- [To do]:
The required result is a copy of each line below in which "features" appears.

------ Data to examine

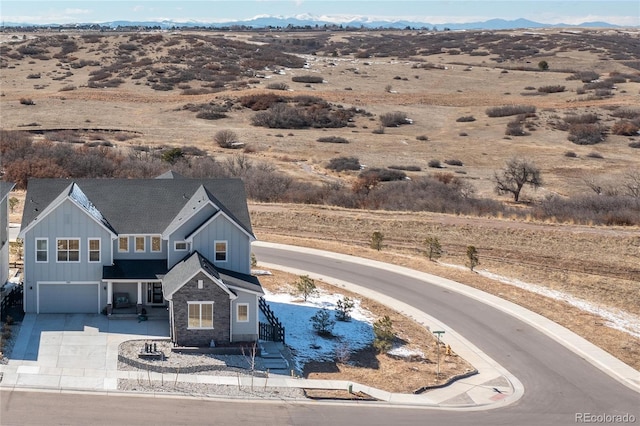 drone / aerial view with a mountain view and a desert view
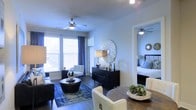 This well-designed single-floor residence offers a cohesive and elegantly styled interior that balances comfort with modern aesthetics. The open-concept layout allows the living, dining, and sleeping areas to flow naturally into one another, creating a sense of spaciousness and connectivity throughout the unit.

The living area is anchored by rich, dark hardwood flooring and features a ceiling fan with integrated lighting. Large windows dressed with navy blue curtains invite an abundance of natural light while adding a bold contrast to the neutral walls. The space is furnished with a plush sofa, a tufted accent chair, and a round coffee table atop a patterned blue area rug, lending a curated, contemporary feel.

A striking sunburst mirror adorns the wall above a sleek black credenza, serving as a focal point that ties the living and dining areas together. The dining area features a round wood table surrounded by cream upholstered chairs, creating an inviting space for meals and gatherings.

Adjacent to the main living area, the bedroom is visible through an open doorway, continuing the same refined palette with coordinated furnishings, a ceiling fan, and a decorative round mirror. The consistent design language throughout the space reflects a thoughtful, detail-oriented approach to interior styling.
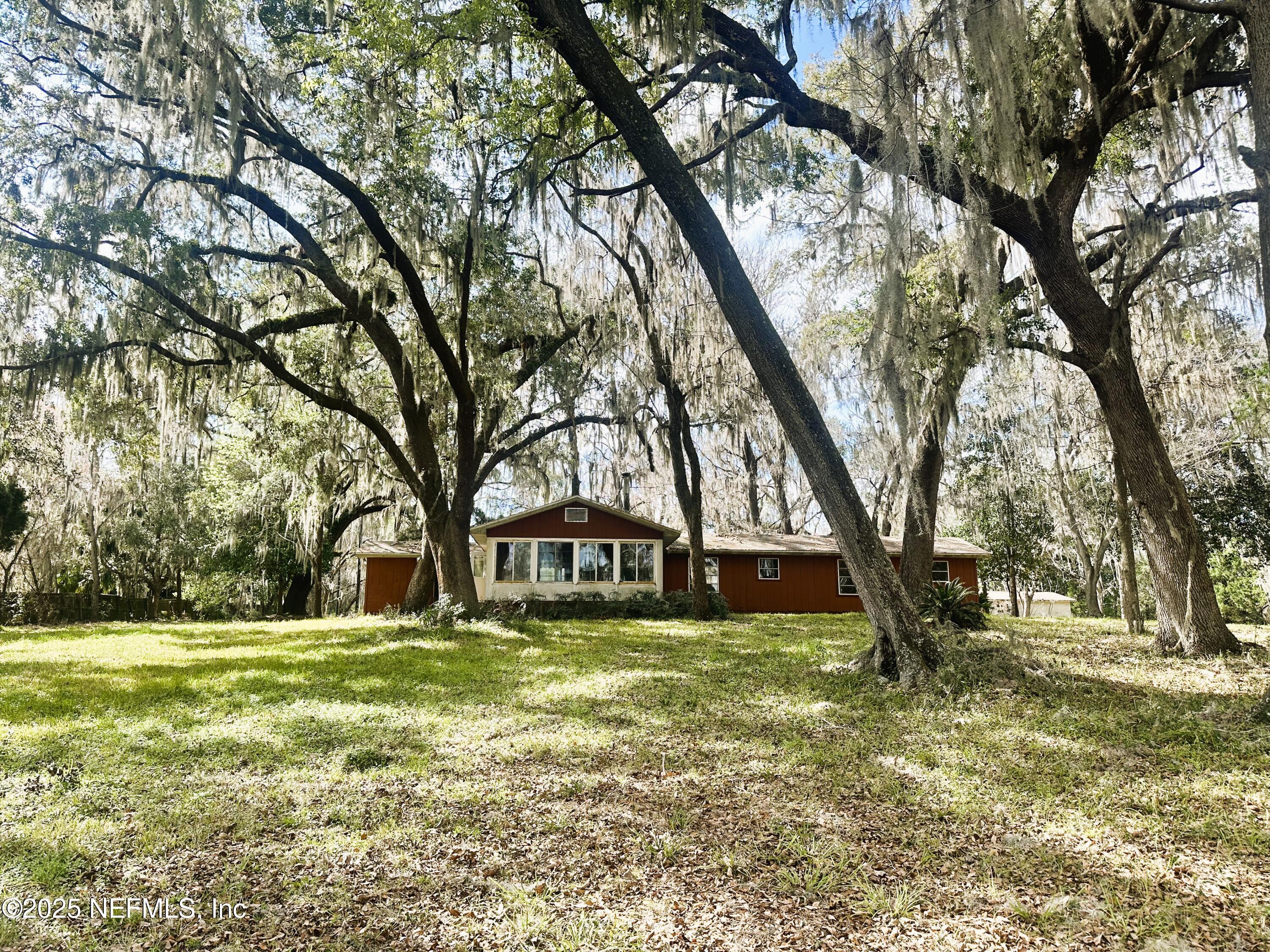 9817 County Road 1469 Earleton, FL 32631 - Photo 22 of 23 a view of swimming pool with trees in the background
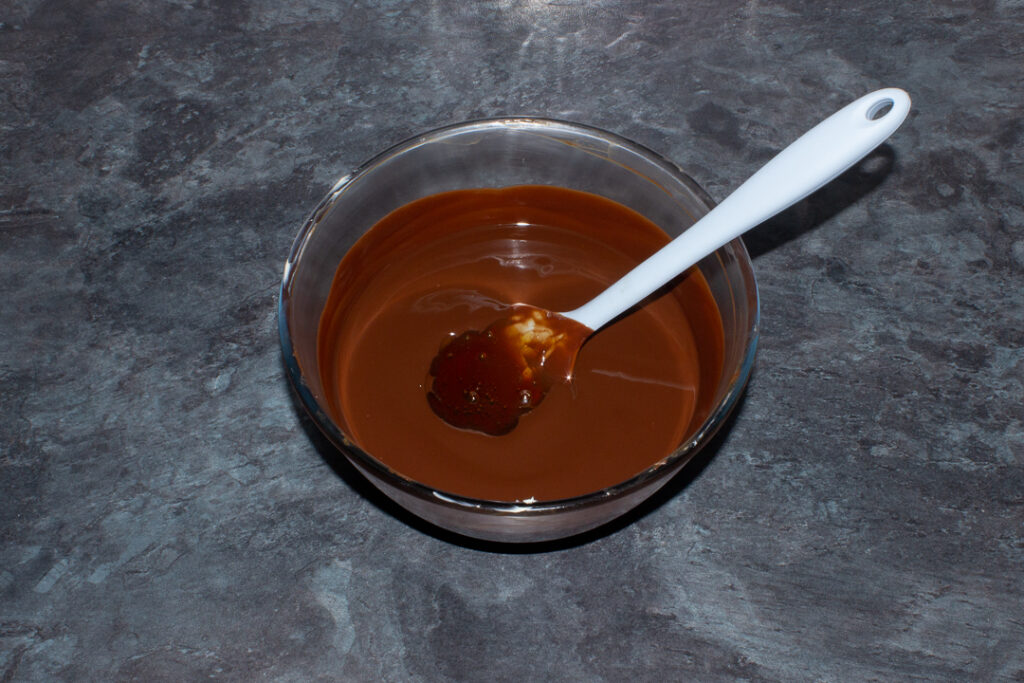 Melted butter and chocolate in a bowl with golden syrup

------------

- [Final answer]:
The living area is anchored by rich, dark hardwood flooring and features a ceiling fan with integrated lighting. Large windows dressed with navy blue curtains invite an abundance of natural light while adding a bold contrast to the neutral walls. The space is furnished with a plush sofa, a tufted accent chair, and a round coffee table atop a patterned blue area rug, lending a curated, contemporary feel.
A striking sunburst mirror adorns the wall above a sleek black credenza, serving as a focal point that ties the living and dining areas together. The dining area features a round wood table surrounded by cream upholstered chairs, creating an inviting space for meals and gatherings.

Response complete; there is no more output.